Project Runtime Information#

The spec file includes runtime information, such as environment variables, the number of GPUs to be mounted in the container, and custom application information. The following are the runtime information fields.

Field	Description	Example Usage
`execution`	Information about how to run the project.	—
`execution.apps`	A list of custom applications installed in the project that are not part of the container environment. For the definition of the fields in `apps`, see Project App Information.	1apps: 2- name: jupyterlab 3 ... more fields 4- name: mychat 5 ... more fields
`execution.resources`	Host resources that are requested or required to run the project. `gpu` is the number of GPUs requested. If no GPUs are available the project can be started without any GPUs. `sharedMemoryMB` is the amount of shared memory (in MB) to allocate to the project container. For more information, see GPU Configuration.	1resources: 2 gpu: 3 requested: 0 4 sharedMemoryMB: 0
`execution.secrets`	A list of sensitive environment variables to set before the project starts. Specify the name and description of each variable only. The value of each variable is not part of the spec file and is configured at runtime. For more information, see Environment Variables.	1secrets: 2- variable: secret1 3 description: Secret 1
`execution.mounts`	A list of external folders and files that are used by the project, and where they should be located in the project container. Required values to configure the mount (like the source directory) are not part of the spec file, and are configured at runtime. For `type`, valid values are `project`, `host`, `volume`, or `tmp`. There is exacly one `project` mount (or the container fails to start). `target` is the target location within the project container. Target locations are absolute paths and include the trailing slash. For more information, see AI Workbench Mounts.	1mounts: 2 - type: project 3 target: /project/ 4 description: project directory 5 options: rw

Customize Your Container#

If you want to change the behavior of the container environment for a single project, you can manually edit the metadata contained in the spec.yaml file. First you modify your spec.yaml file as described following, and then you rebuild your project environment.

Note

If you want to use one of the pre-built containers and make simple customizations, such as adding packages, see Walkthrough: Customize Your Environment and Development Environments instead.

If you want to create a fully-custom container that you can use for you own projects, or that you can publish and share with other AI Workbench users, see Use Your Own Container instead. This is an advanced scenario.

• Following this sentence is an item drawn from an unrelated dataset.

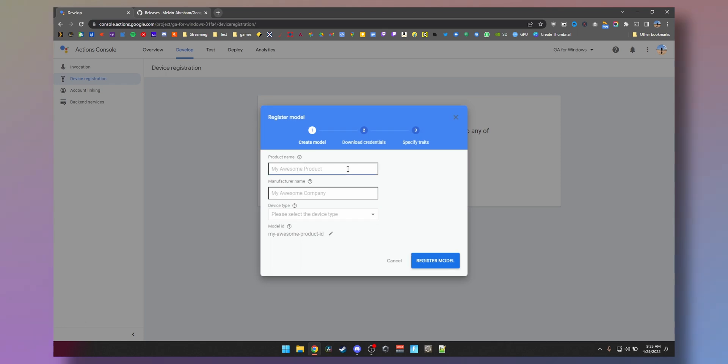All you're gonna do is click on register model. I'm gonna call it ASUS stuff because that's the model of my laptop. It doesn't have to be the name of your laptop or phone, it could be anything. So I'm just gonna do that.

Use the following list to determine what changes to make to your spec file.

Change Required — Changes that must occur to customize the project container. Without these changes, your project does not build correctly.
Change Recommended — Best-practice changes that you should make to the project container. These are fields that are used by the NVIDIA AI Workbench client software. Your project might still build, and components might still function; however, your experience working on the project inside the AI Workbench UI might be negatively impacted.
Change Optional — Change these fields only if they are relevant to your project.

To customize your container, navigate to the .project/spec.yaml file of your project, and scroll to the environment section. Use the information in the following table to edit your spec file. The full description and example usage for each field is in AI Workbench Project Spec Definition.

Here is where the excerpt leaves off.